During a European Union privacy conference, Apple’s Tim Cooke just recently issued a call to action for U.S.-wide data-protection regulation, saying individuals’ personal information has been “weaponized.” According to the same article, U.S. Senator Mark Warner said he was encouraged by Microsoft, Apple and others’ support of regulation. He said, “Too often we’ve heard companies whose business models depend on intrusive and opaque collection of user data claim that any changes to the status quo will radically undermine American innovation, but Apple and others demonstrate that innovation doesn’t have to be a race to the bottom when it comes to data protection and user rights.”
But how will GDPR really impact AI? What happens, for example, when specific information needs to be collected on individuals to predict customer behavior, such as who might be likely to purchase a product or upgrade technology? Besides allowing people to request that companies remove their data, GDPR also requires companies to anonymize their data, unless identifying information is crucial to its worthiness.
This is especially true when it comes to AI in healthcare. According to an article, the GDPR introduced a right to explanation, which means that the logic of an automated decision can be challenged and the results tested – so businesses will need to think carefully before building an AI solution that cannot explain itself. Where required by GDPR, privacy impact assessments will be needed and privacy will take on even more urgency.
To conform to data privacy needs, professionals in all industries working with big data need to take out identifying details before processing the information. Similarly, the businesses using them should ensure that there is training or verify their workers’ knowledge in handling big data to avoid ethical violations and significant fines.
Maybe It’s not all bad news for AI innovation
There is a lot of speculation out there about what privacy regulations will mean for AI, but ironically, the regulations that some feel are stifling innovation may actually be forcing businesses to get their data houses in order. Consider that one of the main barriers to AI is data collection and many companies don’t know what type of data they have, let alone where it is or in what shape it is in. It’s common for different departments or business units to have their own data silos, leaving everyone to guess about what information is available in their organization.
Now, GDPR and other regulations are forcing companies to take a long hard look at their data and get their houses in order. They have to think critically about their data, what type they are storing, and what rules they are implementing to protect it. They need to find out where the data is, what it contains, how it is being used and ensure that the quality is good. Accomplishing all of these things and unlocking the data that has been stuck inside an organization is critical for any AI effort.

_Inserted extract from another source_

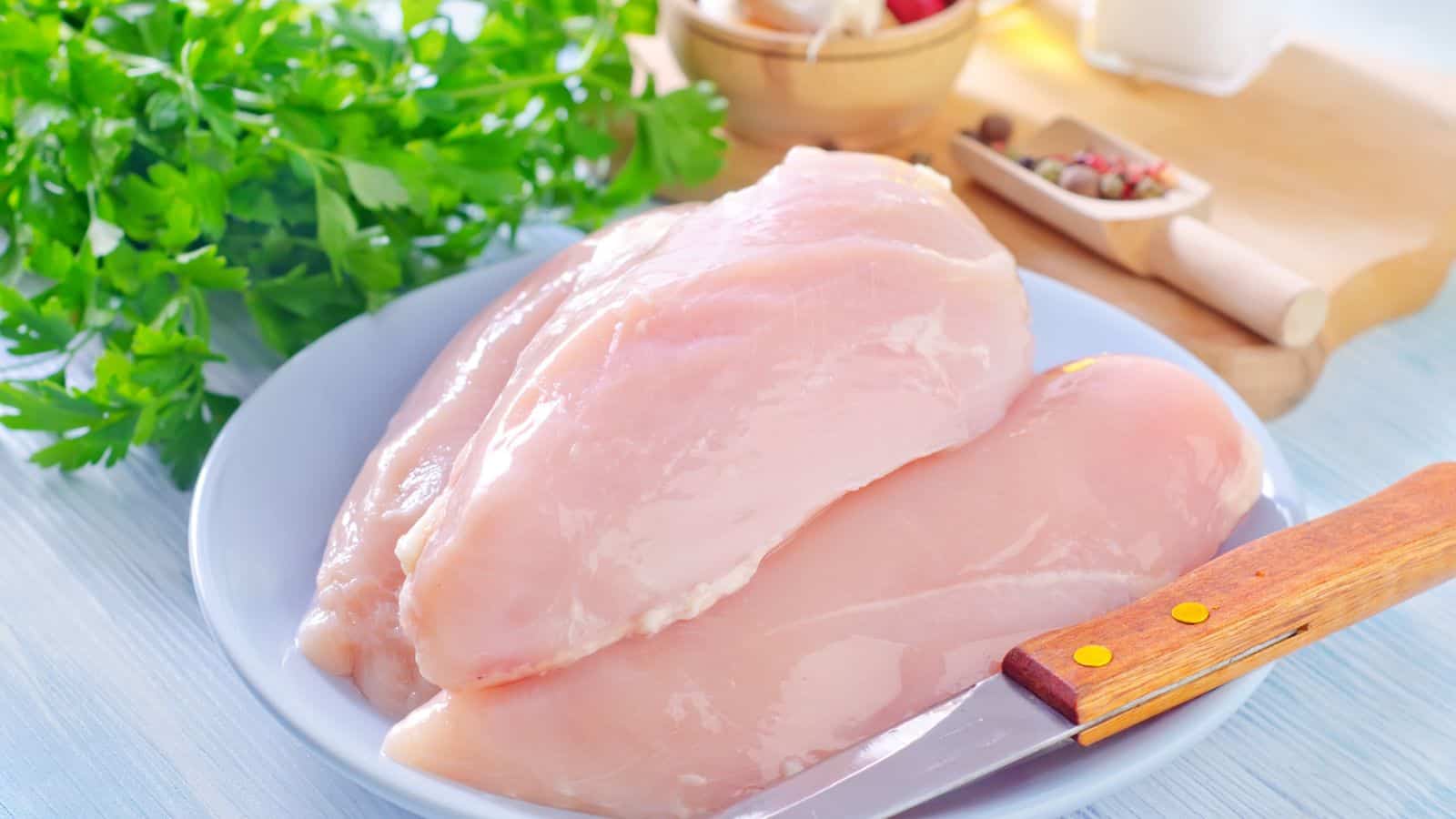 Two raw chicken breasts on a white plate with a knife, fresh parsley, and various kitchen ingredients in the background on a light-colored surface.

There’s always another way
The market is finding a way to unlock all of this hidden data – and to do so securely. Technology like synthetic data generation lets companies access personal information without identifying any individuals. Apple uses differential privacy to gather information on a group of users without using individual information, and Google offers a data loss prevention technology that strips personal information from databases.
Vendors are continuing to provide incentives for individuals to share their data. While that’s nothing new – it’s been around since loyalty cards were introduced – they are finding new and more attractive ways to encourage customers to opt in with their information.

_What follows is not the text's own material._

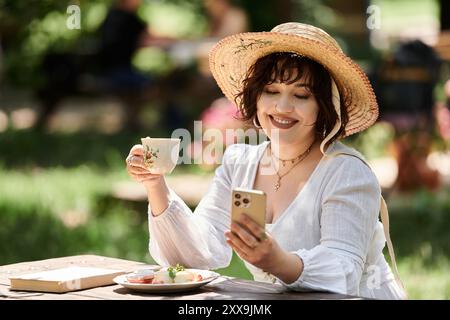 Une jeune femme dans une robe blanche et un chapeau de paille profite d'un brunch tranquille dans un jardin d'été, regardant le téléphone. Banque D'Images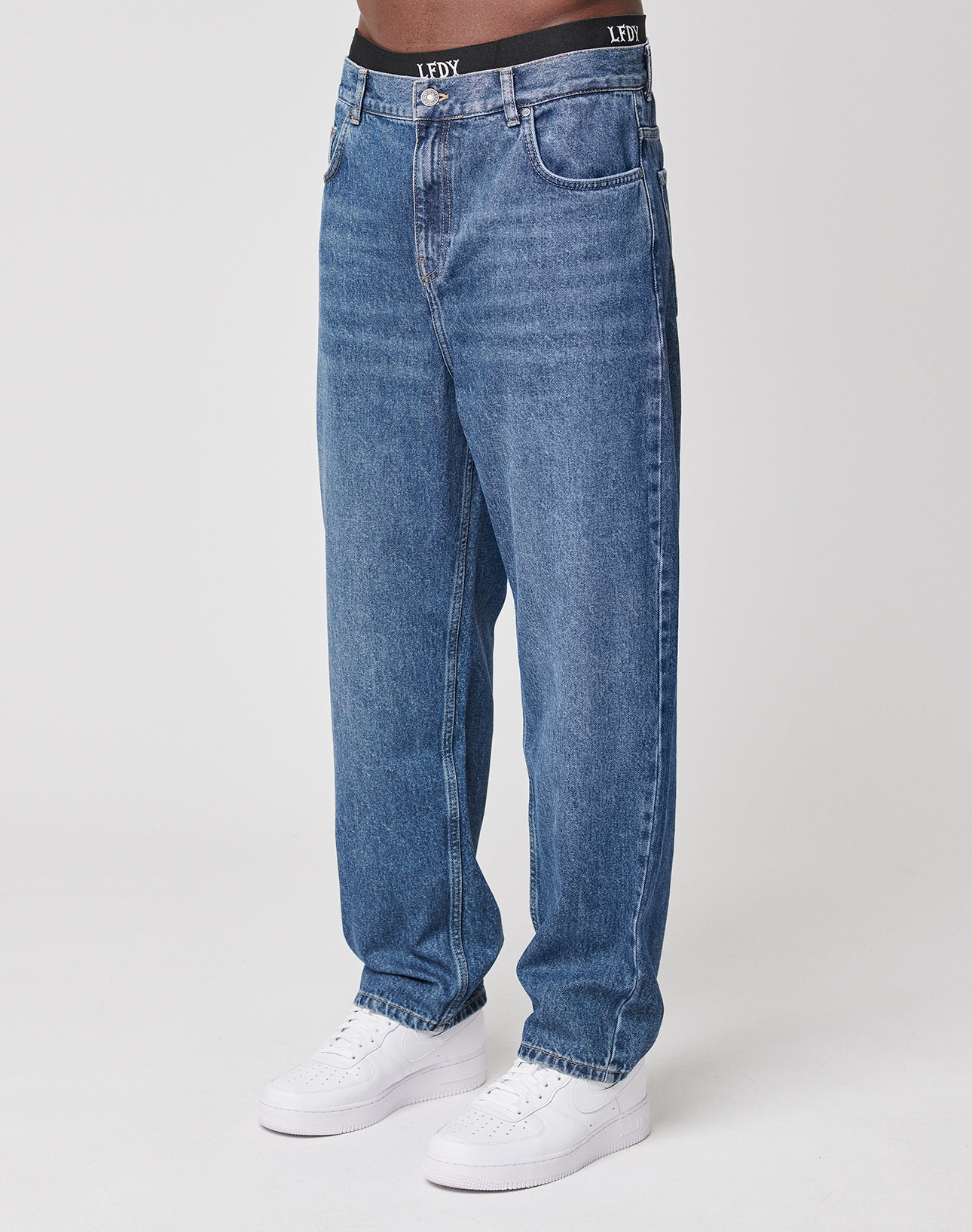 A person wears loose-fitting LFDY Wide Denim jeans in blue with a black waistband and white sneakers, standing against a plain white background.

Retail and e-commerce industries, in particular, will have a hard time adjusting to new privacy regulations because it is not anything they have ever had to do before. They can learn from industries like healthcare and financial services that have had to grapple with these data privacy issues for a while and figured out how to manage data privacy effectively and still mine the data they need. For example, healthcare organizations know how to share information in files while masking personal data.
How personal do you want to get?
When it comes down to it, how often do you really need to know about a specific customer? To determine what products to offer and the order in which to display website content, for example, companies need to know about patterns of behavior, and in some cases where individuals are located, but very specific and personalized data may not necessarily be needed. After all, data is needed to train algorithms, not to expose specific individuals. While AI innovation is being fueled to new heights thanks to solid, quality data, individual privacy need not be sacrificed in the process.